Birds raised in cages and barns are missing a vital component of their diet: chlorophyll (more like borophyll). Free-range and organic birds have access to open pasture, which brings a range of benefits, but mostly it gives them access to fresh green things and the delicious chlorophyll within. Given the choice, chooks will eat up to 10 per cent by mass as fresh greens, which they derive little energy from, but it “detoxifies” their bodies making for sweeter meat and healthier eggs. The reverse is that confinement-raised birds are fed foods with very calorific values, leading to the “wrong” types of fats.
Anyway, just get good eggs, it’s worth it.
And no I’m not giving you the recipe yet, there’s more lecturing to come.
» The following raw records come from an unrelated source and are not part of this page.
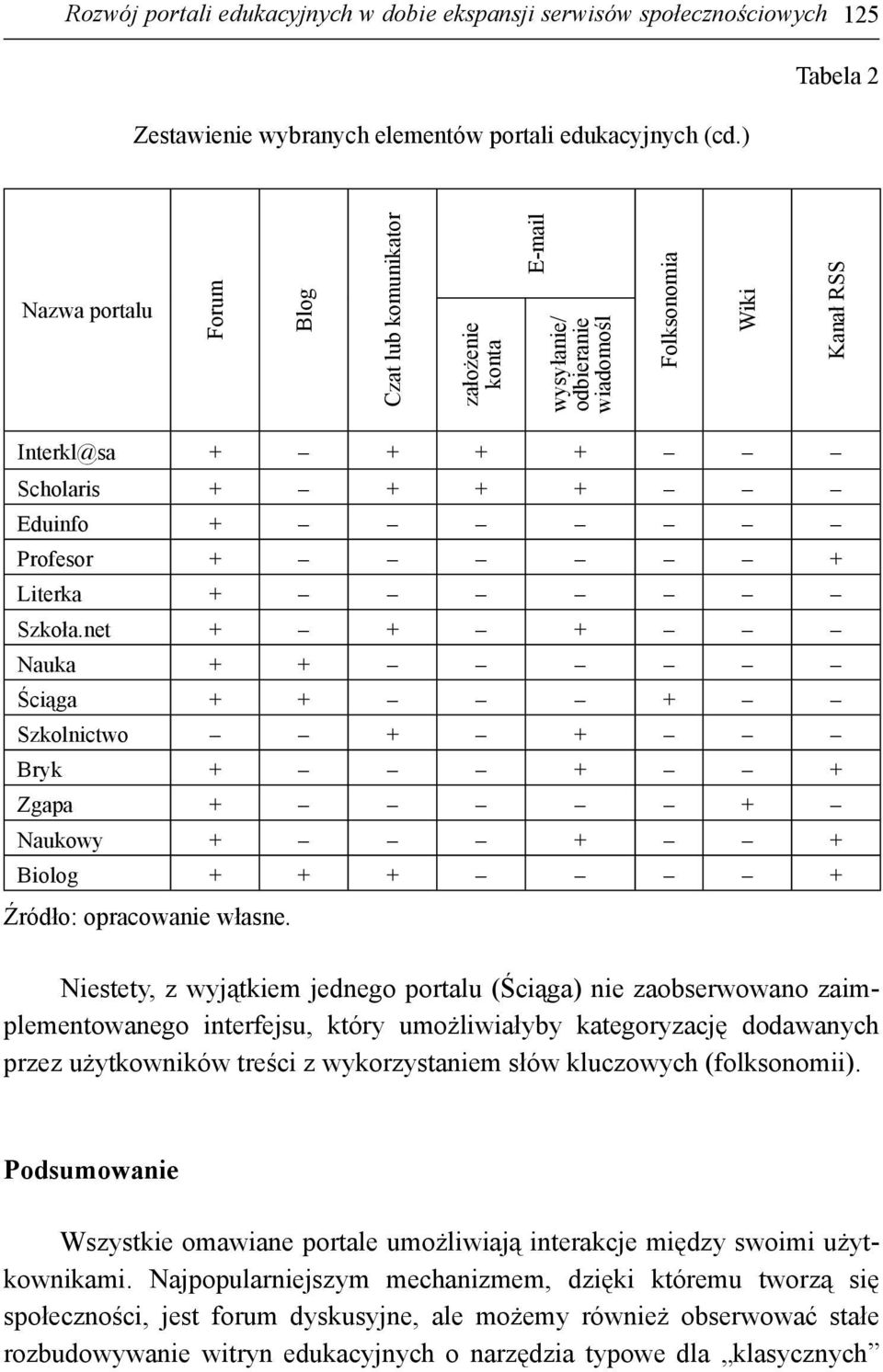 Szkoła.net + + + Nauka + + Ściąga + + + Szkolnictwo + + Bryk + + + Zgapa + + Naukowy + + + Biolog + + + + Źródło: opracowanie własne.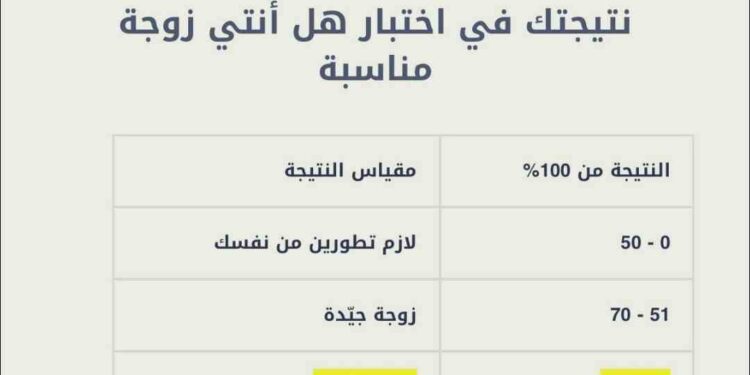 اختبار: هل أنتِ الزوجة المثالية لشريك حياتك؟ اختبار: هل أنتِ الزوجة المثالية لشريك حياتك؟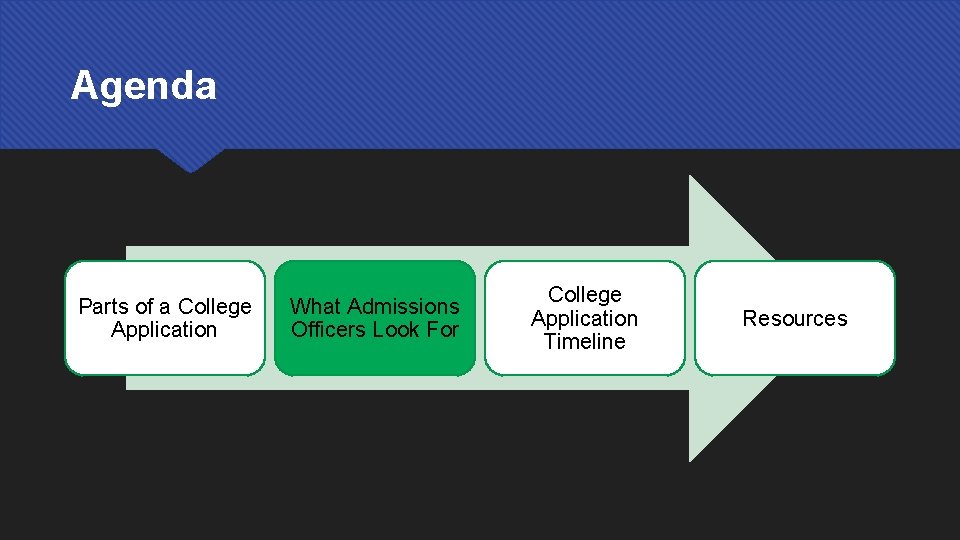 Agenda Parts of a College Application What Admissions Officers Look For College Application Timeline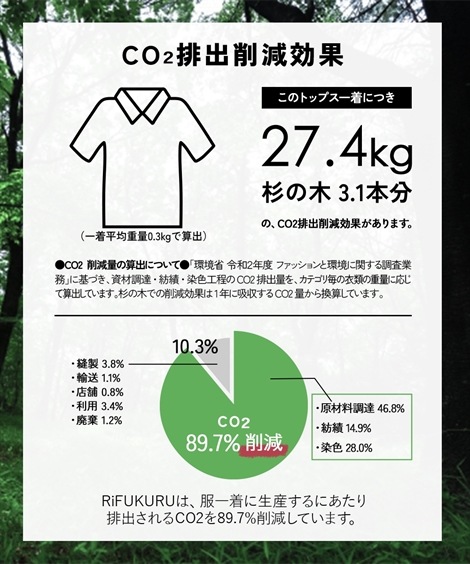 スウェット・トレーナー 綿100％　日本製 クルーネックトレーナー３シーズン対応が嬉しい裏毛素材　外でも家でもどんな時間も快適に過ごせる服　RiFUKURU BASIC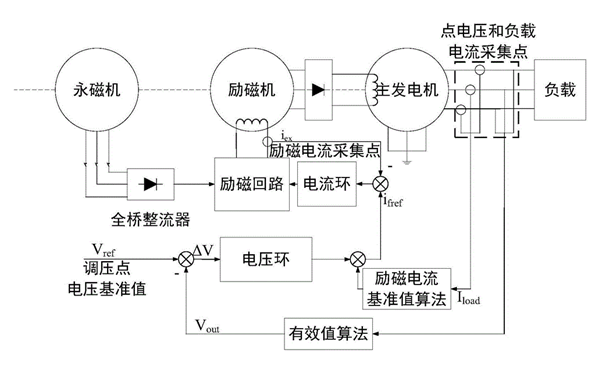 發(fā)電機自動調壓器原理圖.png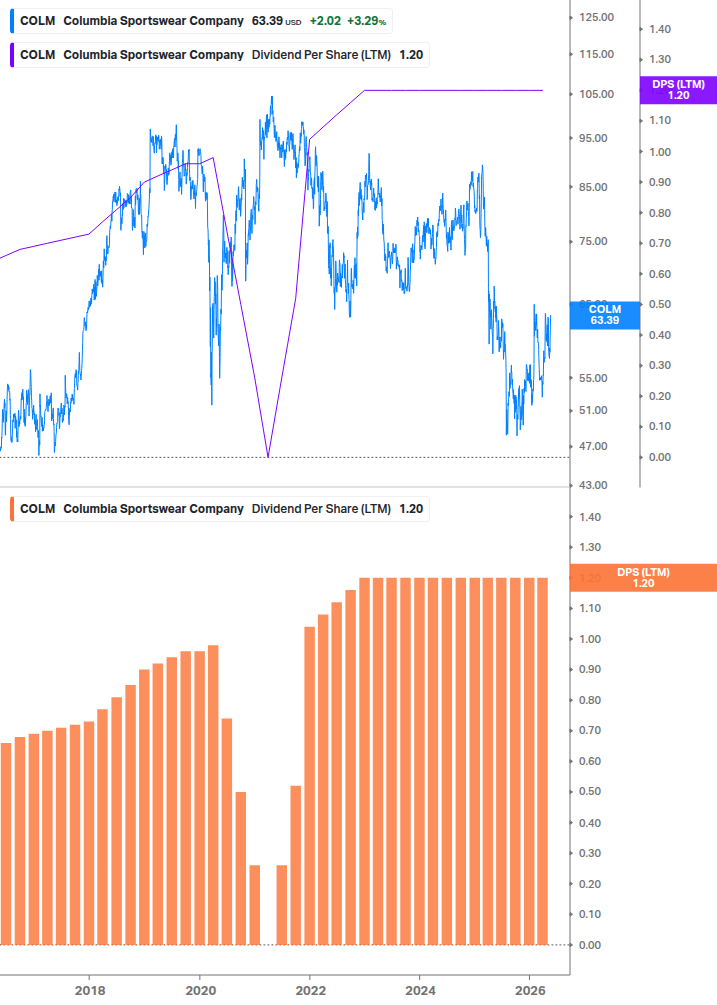 Dividend Growth Chart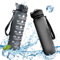 flowgoer Sport-Wasserflasche 1L Tritan BPA-frei | Auslaufsicher mit Strohhalm & Zeitmarkierung | Trageriemen, Fitnessstudio & Outdoor (Schwarz)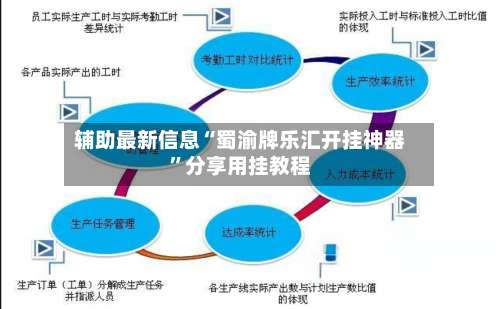 辅助最新信息“蜀渝牌乐汇开挂神器	”分享用挂教程-第3张图片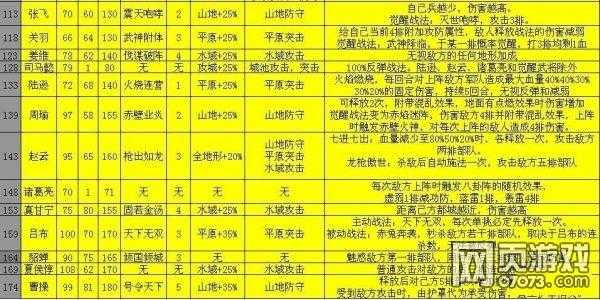 攻城掠地中的武将如何搭配套装 最强武将推荐 攻城掠地中的武将如何升级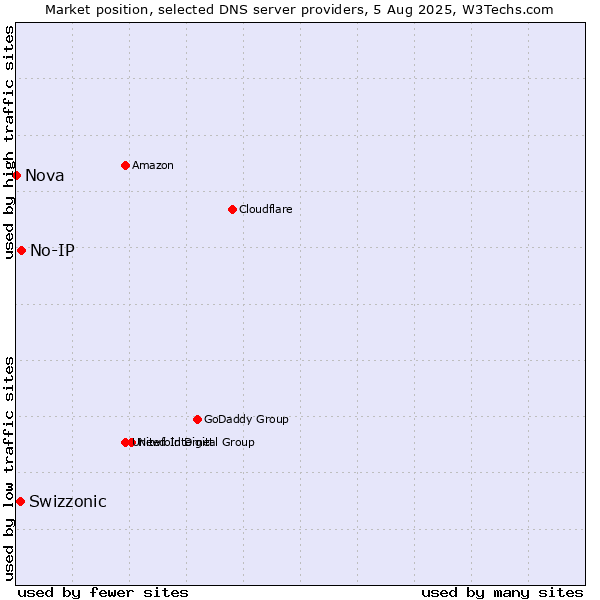 Market position of No-IP vs. Swizzonic vs. Nova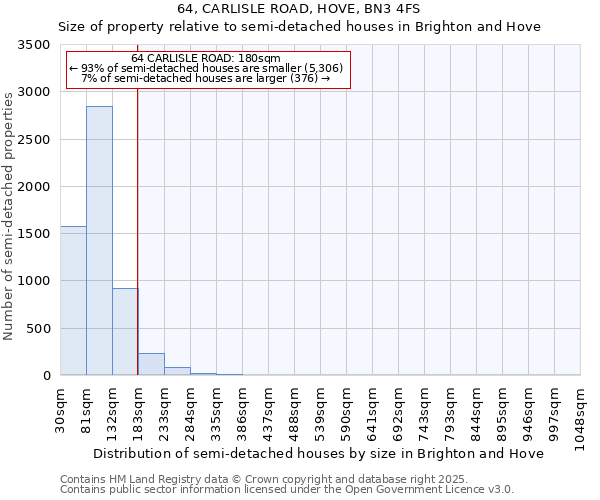 64, CARLISLE ROAD, HOVE, BN3 4FS: Size of property relative to semi-detached houses houses in Brighton and Hove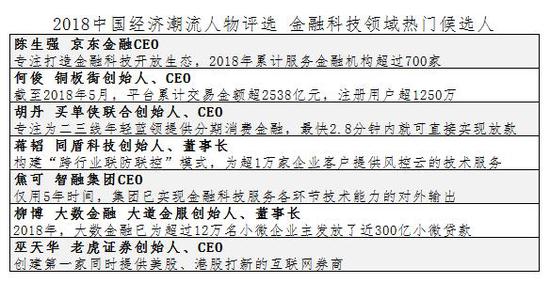 2018中国经济潮流人物评选：金融科技谁领风骚？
Really, to supply yourself with the freshest, easiest poaching eggs available, you need to have your own chickens. I have a strong suspicion that backyard chooks are the most effective personal sustainability measure one can pursue. They turn food scraps into eggs, they provide manure for the garden and keep pests down. They are interesting to watch and can be personable and friendly with a little bit of attention. Kids love chooks. Adults like drinking while watching chooks. Their societal interactions are fascinating and dynamic, their everyday behaviour soothing in its repetition and tempo.
I have a dream where EVERYONE has access to chickens; rural dwellers, suburban enthusiasts and inner-city vertical-livers. Use your imagination; where could you put a chook pen? What about in the middle of the quiet roundabout in your cul-de-sac? Do you think you and your neighbours could handle half a dozen birds and 30 eggs a week? What about next to the laundry behind your flats? Do you think the old Greek couple downstairs who are growing peas on their balcony would be interested in a collective chook run? And don’t wait for so-called “permission”. What sort of cold-hearted fool would come and ask you to pull down a neat, well maintained chook run, full of healthy happy chickens, particularly if there’s a dozen of the best eggs available in it for them? Move beyond yarn-bombing and guerrilla-gardening; let’s see some subversive chook runs in our suburbs and cities!
Okay then. The Recipe.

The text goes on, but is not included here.